In [1]:
import sys 
import os  
import json
import datetime as dt 
import pandas as pd 
import numpy as np 
import talib
import sqlite3 as sql
from itertools import repeat
from p_tqdm import p_umap
sys.path.append('../')
from backtester import * 
from fxcmtoken import my_assets

In [2]:
for i, a in enumerate(my_assets):
    print(i, a)

0 EUR/USD
1 USD/JPY
2 GBP/USD
3 USD/CHF
4 AUD/USD
5 USD/CAD
6 NZD/USD
7 AUS200
8 ESP35
9 EUSTX50
10 FRA40
11 GER30
12 HKG33
13 JPN225
14 NAS100
15 SPX500
16 UK100
17 US30
18 Copper
19 NGAS
20 UKOil
21 USOil
22 XAU/USD
23 XAG/USD


In [3]:
freq = 'H1'
conn = sql.connect(f'../PriceData/PriceData_{freq}.db')
ticker = my_assets[10]
print(ticker)
data_sql = pd.read_sql(f"SELECT * FROM '{ticker}'", conn, parse_dates=['date'], index_col=['date'])
for col in ['open', 'close', 'high', 'low']:
    data_sql[col] = data_sql[['bid'+col, 'ask'+col]].mean(axis=1)
conn.close()
data_sql.tail()

FRA40


Unnamed: 0_level_0,bidopen,bidclose,bidhigh,bidlow,askopen,askclose,askhigh,asklow,tickqty,open,close,high,low
date,Unnamed: 1_level_1,Unnamed: 2_level_1,Unnamed: 3_level_1,Unnamed: 4_level_1,Unnamed: 5_level_1,Unnamed: 6_level_1,Unnamed: 7_level_1,Unnamed: 8_level_1,Unnamed: 9_level_1,Unnamed: 10_level_1,Unnamed: 11_level_1,Unnamed: 12_level_1,Unnamed: 13_level_1
2022-07-22 15:00:00,6225.68,6211.04,6230.38,6200.63,6226.68,6212.04,6231.38,6201.63,6323,6226.18,6211.54,6230.88,6201.13
2022-07-22 16:00:00,6211.29,6195.34,6214.21,6194.1,6212.29,6196.34,6215.21,6195.1,2582,6211.79,6195.84,6214.71,6194.6
2022-07-22 17:00:00,6194.84,6181.79,6194.84,6173.65,6195.84,6182.79,6195.84,6174.65,1922,6195.34,6182.29,6195.34,6174.15
2022-07-22 18:00:00,6181.42,6168.42,6182.19,6161.08,6182.42,6169.42,6183.19,6162.08,1868,6181.92,6168.92,6182.69,6161.58
2022-07-22 19:00:00,6168.38,6178.51,6182.79,6163.92,6169.38,6179.71,6183.79,6164.92,2226,6168.88,6179.11,6183.29,6164.42


In [4]:
def get_mama_return(n_period, data, freq, split_date):
    
    data['ht'] = talib.HT_TRENDLINE(data.close)
    data.dropna(axis=0, inplace=True)
    data['mama'], data['fama'] = talib.MAMA(data.ht, fastlimit=n_period, slowlimit=n_period/10)
    data.dropna(axis=0, inplace=True)
    data['signals'] = np.where(data.mama > data.fama, 1, -1) 
    
    train, test = (data.loc[pd.Timestamp(split_date)-dt.timedelta(days=7):pd.Timestamp(split_date)-dt.timedelta(days=1)] , 
                   data.loc[pd.Timestamp(split_date):])
    
    train_backtest = IterativeBacktester(data=train, signals=train.signals, freq=freq)
    train_backtest.backtest(progress_bar=False)
    
    test_backtest = IterativeBacktester(data=test, signals=test.signals, freq=freq)
    test_backtest.backtest(progress_bar=False)
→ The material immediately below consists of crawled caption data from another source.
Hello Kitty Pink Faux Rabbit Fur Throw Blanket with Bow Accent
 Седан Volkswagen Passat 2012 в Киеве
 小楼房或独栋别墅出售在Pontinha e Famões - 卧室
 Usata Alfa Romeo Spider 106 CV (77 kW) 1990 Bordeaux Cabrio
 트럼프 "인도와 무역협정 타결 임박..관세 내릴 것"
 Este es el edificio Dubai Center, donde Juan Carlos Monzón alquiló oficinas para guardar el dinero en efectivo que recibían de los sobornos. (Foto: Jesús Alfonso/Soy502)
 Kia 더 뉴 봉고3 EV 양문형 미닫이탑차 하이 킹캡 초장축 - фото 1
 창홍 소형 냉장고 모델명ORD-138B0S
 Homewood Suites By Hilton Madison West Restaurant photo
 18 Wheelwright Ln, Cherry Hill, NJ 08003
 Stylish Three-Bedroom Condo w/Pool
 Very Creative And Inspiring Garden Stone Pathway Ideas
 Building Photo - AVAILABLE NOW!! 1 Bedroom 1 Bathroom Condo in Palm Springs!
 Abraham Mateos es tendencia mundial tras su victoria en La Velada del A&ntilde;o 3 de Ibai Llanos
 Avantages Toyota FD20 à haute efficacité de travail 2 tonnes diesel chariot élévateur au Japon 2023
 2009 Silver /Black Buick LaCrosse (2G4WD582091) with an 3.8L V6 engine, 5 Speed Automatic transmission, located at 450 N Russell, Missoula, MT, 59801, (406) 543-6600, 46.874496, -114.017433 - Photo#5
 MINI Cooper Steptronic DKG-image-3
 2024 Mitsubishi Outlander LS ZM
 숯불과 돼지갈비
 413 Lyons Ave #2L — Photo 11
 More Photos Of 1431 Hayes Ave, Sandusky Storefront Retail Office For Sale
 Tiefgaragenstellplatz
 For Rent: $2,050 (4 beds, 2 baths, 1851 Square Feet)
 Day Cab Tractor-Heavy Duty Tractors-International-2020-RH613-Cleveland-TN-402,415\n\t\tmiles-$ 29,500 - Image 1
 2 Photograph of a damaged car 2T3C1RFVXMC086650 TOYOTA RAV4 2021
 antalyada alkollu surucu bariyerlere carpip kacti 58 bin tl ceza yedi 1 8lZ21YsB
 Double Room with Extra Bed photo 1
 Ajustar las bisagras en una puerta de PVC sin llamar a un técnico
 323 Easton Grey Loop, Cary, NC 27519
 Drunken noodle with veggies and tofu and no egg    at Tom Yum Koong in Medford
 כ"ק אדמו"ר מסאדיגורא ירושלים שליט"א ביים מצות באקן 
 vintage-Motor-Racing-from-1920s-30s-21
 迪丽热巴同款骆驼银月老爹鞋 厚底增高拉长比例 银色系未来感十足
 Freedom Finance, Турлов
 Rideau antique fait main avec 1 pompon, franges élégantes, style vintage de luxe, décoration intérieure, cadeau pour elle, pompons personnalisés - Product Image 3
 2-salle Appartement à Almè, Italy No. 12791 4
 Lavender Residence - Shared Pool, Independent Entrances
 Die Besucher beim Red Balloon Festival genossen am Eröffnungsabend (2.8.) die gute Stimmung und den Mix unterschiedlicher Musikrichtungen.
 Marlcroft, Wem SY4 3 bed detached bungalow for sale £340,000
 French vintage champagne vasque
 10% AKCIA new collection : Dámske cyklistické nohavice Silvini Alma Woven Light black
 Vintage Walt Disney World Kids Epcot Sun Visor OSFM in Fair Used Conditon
    return n_period, train_backtest.return_df.loc['TotalReturn', 'Portfolio'], test_backtest.return_df.loc['TotalReturn', 'Portfolio']

In [5]:
def get_tsf_return(n_period, data, freq, split_date):
    
    data['ht'] = talib.HT_TRENDLINE(data.close)
    data['tsf'] = talib.TSF(data.ht, n_period)
    data.dropna(axis=0, inplace=True)
    data['signals'] = np.where(data.ht > data.tsf, 1, -1)
    
    train, test = (data.loc[pd.Timestamp(split_date)-dt.timedelta(days=7):pd.Timestamp(split_date)-dt.timedelta(days=1)] , 
                   data.loc[pd.Timestamp(split_date):])
    
    train_backtest = IterativeBacktester(data=train, signals=train.signals, freq=freq)
    train_backtest.backtest(progress_bar=False)
    
    test_backtest = IterativeBacktester(data=test, signals=test.signals, freq=freq)
    test_backtest.backtest(progress_bar=False)

    return n_period, train_backtest.return_df.loc['TotalReturn', 'Portfolio'], test_backtest.return_df.loc['TotalReturn', 'Portfolio']

In [6]:
def get_slope_return(n_period, data, freq, split_date):
    
    data['ht'] = talib.HT_TRENDLINE(data.close)
    data.dropna(axis=0, inplace=True)
    data['signals'] = talib.LINEARREG_SLOPE(data.ht, timeperiod=n_period).apply(np.sign)
    data.dropna(axis=0, inplace=True)
    
    train, test = (data.loc[pd.Timestamp(split_date)-dt.timedelta(days=7):pd.Timestamp(split_date)-dt.timedelta(days=1)] , 
                   data.loc[pd.Timestamp(split_date):])
    
    train_backtest = IterativeBacktester(data=train, signals=train.signals, freq=freq)
    train_backtest.backtest(progress_bar=False)
    
    test_backtest = IterativeBacktester(data=test, signals=test.signals, freq=freq)
    test_backtest.backtest(progress_bar=False)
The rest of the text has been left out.